#### Required work
From the data below, retype exactly the lines starting with the one that contains "Premium Acacia Wood" and ending with the one that contains "Breeze Style Compass", both included.

#### Data for this exercise
= Beginning of Section =

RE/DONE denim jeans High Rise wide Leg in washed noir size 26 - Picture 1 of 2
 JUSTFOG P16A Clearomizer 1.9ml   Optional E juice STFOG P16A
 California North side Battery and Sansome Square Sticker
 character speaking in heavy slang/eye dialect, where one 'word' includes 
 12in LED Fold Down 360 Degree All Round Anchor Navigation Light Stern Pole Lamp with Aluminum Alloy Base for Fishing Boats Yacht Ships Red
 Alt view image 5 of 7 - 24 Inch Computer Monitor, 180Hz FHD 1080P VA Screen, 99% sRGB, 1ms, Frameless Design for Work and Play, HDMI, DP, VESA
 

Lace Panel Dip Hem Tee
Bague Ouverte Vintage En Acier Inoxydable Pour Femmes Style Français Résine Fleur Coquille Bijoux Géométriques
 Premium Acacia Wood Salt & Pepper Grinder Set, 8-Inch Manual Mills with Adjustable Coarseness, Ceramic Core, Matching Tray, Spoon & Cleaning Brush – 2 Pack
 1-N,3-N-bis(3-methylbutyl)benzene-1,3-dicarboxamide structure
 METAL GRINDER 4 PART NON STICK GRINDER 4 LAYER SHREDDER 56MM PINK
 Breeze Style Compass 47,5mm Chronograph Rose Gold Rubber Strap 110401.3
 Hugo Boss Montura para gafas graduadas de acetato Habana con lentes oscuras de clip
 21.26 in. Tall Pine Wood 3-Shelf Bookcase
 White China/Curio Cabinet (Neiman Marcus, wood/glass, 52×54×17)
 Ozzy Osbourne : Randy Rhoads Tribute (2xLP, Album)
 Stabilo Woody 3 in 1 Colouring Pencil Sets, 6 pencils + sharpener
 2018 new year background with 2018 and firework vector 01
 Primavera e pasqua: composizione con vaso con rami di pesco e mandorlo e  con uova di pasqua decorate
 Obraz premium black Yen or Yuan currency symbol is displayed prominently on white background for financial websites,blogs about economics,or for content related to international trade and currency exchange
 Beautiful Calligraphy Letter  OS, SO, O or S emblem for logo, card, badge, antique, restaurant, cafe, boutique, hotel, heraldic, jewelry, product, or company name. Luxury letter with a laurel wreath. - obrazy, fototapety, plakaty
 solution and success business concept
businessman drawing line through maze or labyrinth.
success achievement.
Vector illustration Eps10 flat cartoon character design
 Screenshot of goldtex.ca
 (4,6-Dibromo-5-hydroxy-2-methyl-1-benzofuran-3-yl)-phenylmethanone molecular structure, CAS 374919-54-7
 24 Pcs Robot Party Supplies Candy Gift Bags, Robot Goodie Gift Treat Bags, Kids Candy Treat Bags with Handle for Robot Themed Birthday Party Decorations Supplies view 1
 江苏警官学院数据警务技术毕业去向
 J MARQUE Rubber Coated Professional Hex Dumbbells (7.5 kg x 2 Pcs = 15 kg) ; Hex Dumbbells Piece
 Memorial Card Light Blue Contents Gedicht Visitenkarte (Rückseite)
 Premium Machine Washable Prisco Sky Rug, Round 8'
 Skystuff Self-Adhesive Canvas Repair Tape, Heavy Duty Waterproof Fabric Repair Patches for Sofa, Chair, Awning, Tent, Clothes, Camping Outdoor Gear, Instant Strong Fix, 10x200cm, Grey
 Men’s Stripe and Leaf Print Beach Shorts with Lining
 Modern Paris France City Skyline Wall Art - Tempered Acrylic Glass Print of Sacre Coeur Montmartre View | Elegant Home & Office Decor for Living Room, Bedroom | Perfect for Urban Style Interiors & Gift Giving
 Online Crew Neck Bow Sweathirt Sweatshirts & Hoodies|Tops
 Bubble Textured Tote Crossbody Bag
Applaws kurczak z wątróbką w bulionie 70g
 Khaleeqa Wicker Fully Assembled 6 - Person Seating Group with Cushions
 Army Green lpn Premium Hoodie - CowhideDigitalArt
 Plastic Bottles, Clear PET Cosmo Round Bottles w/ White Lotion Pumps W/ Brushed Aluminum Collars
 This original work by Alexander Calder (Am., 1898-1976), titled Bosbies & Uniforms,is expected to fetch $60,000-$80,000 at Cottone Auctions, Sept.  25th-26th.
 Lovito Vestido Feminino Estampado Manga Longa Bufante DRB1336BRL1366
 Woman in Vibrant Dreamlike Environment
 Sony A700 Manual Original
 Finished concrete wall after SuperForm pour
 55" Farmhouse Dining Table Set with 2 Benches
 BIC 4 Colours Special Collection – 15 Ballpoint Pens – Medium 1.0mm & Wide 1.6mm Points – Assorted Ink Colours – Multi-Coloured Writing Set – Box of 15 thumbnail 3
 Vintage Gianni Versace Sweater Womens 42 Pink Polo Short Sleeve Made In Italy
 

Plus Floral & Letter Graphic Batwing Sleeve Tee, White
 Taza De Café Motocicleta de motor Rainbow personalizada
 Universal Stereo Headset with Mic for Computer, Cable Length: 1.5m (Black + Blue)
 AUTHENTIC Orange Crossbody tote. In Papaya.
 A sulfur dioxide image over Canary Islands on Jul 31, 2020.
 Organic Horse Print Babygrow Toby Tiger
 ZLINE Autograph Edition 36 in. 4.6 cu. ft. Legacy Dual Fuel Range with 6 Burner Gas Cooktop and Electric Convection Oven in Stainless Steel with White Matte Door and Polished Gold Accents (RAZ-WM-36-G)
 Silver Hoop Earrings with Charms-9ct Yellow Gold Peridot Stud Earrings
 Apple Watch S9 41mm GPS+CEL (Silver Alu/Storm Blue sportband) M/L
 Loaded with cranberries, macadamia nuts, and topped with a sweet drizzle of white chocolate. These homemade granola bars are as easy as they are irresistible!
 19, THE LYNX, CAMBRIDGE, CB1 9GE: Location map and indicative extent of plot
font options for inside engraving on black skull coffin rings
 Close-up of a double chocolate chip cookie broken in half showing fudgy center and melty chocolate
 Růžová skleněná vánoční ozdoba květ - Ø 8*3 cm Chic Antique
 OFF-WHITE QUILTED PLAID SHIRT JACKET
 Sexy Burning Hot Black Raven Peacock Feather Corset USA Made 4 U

= End of Section =

#### Reply
 Premium Acacia Wood Salt & Pepper Grinder Set, 8-Inch Manual Mills with Adjustable Coarseness, Ceramic Core, Matching Tray, Spoon & Cleaning Brush – 2 Pack
 1-N,3-N-bis(3-methylbutyl)benzene-1,3-dicarboxamide structure
 METAL GRINDER 4 PART NON STICK GRINDER 4 LAYER SHREDDER 56MM PINK
 Breeze Style Compass 47,5mm Chronograph Rose Gold Rubber Strap 110401.3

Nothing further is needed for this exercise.